Накануне, в тот день, когда Иссетиббеха захворал, негр под вечер вернулся к себе в поселок. Смеркалось. В этот неторопливый час во всех хижинах дымились очаги и одинаковые запахи стряпни – у всех одно и то же мясо, один и тот же хлеб – неслись через улочку из одной двери в другую. Женщины хлопотали у очагов; мужчины, собравшись в начале улочки, смотрели, как негр спускается по склону от дома вождя к поселку, осторожно переставляя босые ноги в неверном свете сумерек. Оттуда, где стояли мужчины, казалось, что глаза у него слегка светятся.
– Иссетиббеха еще не умер, – сказал старшина.
– Не умер, – отозвался слуга. – Кто не умер?
В сумерках лица у всех были такие же, как у слуги; разница лет стерлась, мысли были наглухо запечатаны в этих одинаковых лицах, похожих на посмертную маску обезьяны. Острый запах дыма и стряпни медленной струей пронизывал темнеющий воздух; казалось, он шел издалека, словно из другого мира, скользя над улочкой, над копошащимися в пыли голыми детьми.
– Если он переживет закат, то будет жить до рассвета, – промолвил один из негров.
– Кто сказал?
– Говорят.
– Ага. Говорят.

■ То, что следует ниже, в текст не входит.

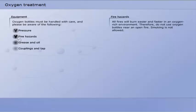All fires will burn easier and faster in an oxygen rich environment. Therefore, do not use oxygen bottles near an open fire. Smoking is not allowed.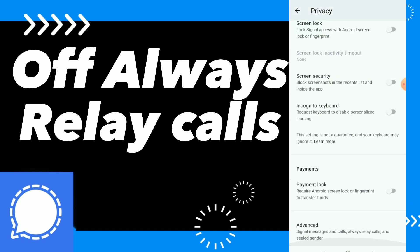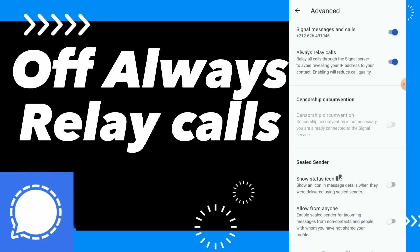Scroll down and you will find the last option which is Advanced. Here you will find Always Relay Calls. Tap on the option to turn it off. This option relays all calls through the Signal server to avoid revealing your IP address to your contacts.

Но мы знаем только одно. – Они все посмотрели на стоявшего среди них слугу. Глаза его слегка светились. Он медленно и тяжело дышал. Грудь его была обнажена; на ней выступили капельки пота. Он знает. Он сам знает.
– Пусть барабаны скажут.
– Да. Пусть скажут барабаны.
Барабаны начали бить, когда стемнело. Их хранили на дне пересохшей речки. Сделаны они были из выдолбленных воздушных корней болотного кипариса, и, негры тщательно их прятали – почему, никто не знал. Они были закопаны в иле на краю трясины; четырнадцатилетний мальчик сторожил их. Он был мал ростом и немой от рождения. Целый день он сидел там на корточках под тучей комаров, совершенно голый, если не считать толстого слоя грязи, которой он обмазывался, чтобы спастись от комариных укусов; на шее у него висел травяной мешочек, а в мешочке было свиное ребро с сохранившимися еще кое-где черными лохмотьями мяса и два куска чешуйчатой коры на проволоке. Обняв колени, он сидел и что-то бормотал, пуская слюни; и случалось, что из-за кустов позади него неслышно выходили индейцы, стояли минуту, разглядывая его, и уходили, а он так ничего и не замечал.

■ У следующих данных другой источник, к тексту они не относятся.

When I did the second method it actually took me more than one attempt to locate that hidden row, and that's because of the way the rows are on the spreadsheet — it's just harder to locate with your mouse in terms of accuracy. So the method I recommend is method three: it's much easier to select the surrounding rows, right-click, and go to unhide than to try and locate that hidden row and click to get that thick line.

С сеновала над конюшней, где весь день и потом всю ночь прятался негр, хорошо были слышны барабаны. До реки было три мили, но он слышал их так ясно, как будто они гремели прямо под ним, в самой конюшне. Ему казалось, что он видит и костер, и мелькающие над барабанами руки, черные с медными отблесками пламени. Только там не было пламени. Там света было не больше, чем здесь, на пыльном сеновале, где он лежал в темноте и где крысиные лапы шелестящим арпеджио пробегали по теплым, обтесанным топором древним стропилам. Там не было иного огня, кроме чуть тлеющего дымного костра от комаров, у которого сидели с младенцами женщины, засунув им в ротики гладкие, налитые молоком соски своих тяжелых грудей, – сидели, глубоко задумавшись, не слыша боя барабанов... Там не было огня, ибо огонь означал бы жизнь.
Небольшой костер горел в комнате рядом с пароходной рубкой, где умирающий Иссетиббеха лежал среди своих жен под прикрученными к шестам жирандолями и подвешенной к потолку кроватью. Негру виден был дым от костра, и перед самым рассветом он заметил, как знахарь в жилете из скунсовых шкурок вышел на нос парохода и поджег две разрисованные глиной палочки. "Значит, он еще не умер", – проговорил негр в шелестящую тьму сеновала, отвечая сам себе. Он слышал, как два голоса – оба его собственные – переговаривались между собой.